● Problem to work on
Your output must be the line containing "NYX Mini Makeup Pouch" followed by every later line in the entries below, all copied exactly.

● Recorded data
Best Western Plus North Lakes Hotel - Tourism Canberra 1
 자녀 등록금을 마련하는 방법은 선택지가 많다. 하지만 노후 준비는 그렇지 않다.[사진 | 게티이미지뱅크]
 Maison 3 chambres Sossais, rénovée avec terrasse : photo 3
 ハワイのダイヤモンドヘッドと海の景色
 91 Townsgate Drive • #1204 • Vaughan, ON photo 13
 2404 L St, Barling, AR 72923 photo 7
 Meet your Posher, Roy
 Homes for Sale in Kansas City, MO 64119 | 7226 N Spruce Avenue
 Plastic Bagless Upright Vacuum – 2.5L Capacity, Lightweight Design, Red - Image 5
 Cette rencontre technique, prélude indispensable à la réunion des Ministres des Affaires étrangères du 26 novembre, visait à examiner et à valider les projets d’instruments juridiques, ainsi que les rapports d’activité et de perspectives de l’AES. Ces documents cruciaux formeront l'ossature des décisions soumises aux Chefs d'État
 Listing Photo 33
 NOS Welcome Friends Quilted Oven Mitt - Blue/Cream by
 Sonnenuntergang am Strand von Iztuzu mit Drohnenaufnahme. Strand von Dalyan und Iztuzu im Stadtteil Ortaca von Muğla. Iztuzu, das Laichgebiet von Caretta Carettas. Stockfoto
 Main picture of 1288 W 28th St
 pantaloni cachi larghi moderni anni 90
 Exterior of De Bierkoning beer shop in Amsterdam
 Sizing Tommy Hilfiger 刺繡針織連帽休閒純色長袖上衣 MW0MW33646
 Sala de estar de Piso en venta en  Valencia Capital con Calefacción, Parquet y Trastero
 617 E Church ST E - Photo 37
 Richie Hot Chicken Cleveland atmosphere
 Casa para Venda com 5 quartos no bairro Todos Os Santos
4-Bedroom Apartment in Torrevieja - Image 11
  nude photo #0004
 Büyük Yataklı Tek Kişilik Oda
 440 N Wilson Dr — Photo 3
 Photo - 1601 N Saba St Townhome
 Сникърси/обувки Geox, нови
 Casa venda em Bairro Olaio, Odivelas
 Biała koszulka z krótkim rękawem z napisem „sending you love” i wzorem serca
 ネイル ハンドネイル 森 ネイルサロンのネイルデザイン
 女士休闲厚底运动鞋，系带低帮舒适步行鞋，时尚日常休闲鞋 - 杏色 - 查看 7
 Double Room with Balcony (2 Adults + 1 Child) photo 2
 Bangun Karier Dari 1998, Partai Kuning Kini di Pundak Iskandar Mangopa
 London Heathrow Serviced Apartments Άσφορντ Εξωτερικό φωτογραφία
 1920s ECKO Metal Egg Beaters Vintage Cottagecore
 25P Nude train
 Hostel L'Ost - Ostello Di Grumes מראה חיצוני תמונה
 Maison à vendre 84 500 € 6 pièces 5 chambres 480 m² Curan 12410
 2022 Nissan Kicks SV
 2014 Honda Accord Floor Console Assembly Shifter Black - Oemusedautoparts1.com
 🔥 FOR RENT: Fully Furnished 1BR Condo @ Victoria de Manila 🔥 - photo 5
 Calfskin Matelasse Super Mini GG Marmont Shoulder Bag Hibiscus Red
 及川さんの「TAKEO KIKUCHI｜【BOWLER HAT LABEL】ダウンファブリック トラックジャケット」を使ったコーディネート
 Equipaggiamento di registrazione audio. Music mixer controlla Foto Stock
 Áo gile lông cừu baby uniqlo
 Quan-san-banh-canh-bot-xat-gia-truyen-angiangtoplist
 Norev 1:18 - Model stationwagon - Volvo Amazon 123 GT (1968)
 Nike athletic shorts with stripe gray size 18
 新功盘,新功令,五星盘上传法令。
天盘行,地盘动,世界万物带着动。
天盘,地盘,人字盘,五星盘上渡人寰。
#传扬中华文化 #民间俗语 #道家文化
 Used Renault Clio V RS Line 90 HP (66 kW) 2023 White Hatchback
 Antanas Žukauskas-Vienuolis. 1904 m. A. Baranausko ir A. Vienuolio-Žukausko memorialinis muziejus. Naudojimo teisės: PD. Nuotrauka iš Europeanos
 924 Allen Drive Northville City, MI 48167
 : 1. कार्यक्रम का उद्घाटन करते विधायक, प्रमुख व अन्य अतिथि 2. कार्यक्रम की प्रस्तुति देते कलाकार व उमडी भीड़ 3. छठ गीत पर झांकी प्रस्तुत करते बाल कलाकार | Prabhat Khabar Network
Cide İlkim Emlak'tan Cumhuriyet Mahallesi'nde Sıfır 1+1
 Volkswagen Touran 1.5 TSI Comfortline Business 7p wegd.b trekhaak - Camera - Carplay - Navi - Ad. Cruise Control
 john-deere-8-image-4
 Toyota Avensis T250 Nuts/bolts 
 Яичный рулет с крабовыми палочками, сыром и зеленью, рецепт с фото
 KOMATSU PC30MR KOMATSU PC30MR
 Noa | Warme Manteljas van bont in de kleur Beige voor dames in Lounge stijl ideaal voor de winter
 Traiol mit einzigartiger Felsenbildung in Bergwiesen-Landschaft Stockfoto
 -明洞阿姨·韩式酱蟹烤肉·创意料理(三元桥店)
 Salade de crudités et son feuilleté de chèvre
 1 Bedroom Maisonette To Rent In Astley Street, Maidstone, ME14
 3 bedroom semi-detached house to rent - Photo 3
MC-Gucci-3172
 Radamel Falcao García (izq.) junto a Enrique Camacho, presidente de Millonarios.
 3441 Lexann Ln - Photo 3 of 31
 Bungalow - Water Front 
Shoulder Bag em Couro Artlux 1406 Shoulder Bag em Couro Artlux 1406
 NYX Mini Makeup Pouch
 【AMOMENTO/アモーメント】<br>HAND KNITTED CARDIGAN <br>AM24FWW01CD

● Written answer
 NYX Mini Makeup Pouch
 【AMOMENTO/アモーメント】<br>HAND KNITTED CARDIGAN <br>AM24FWW01CD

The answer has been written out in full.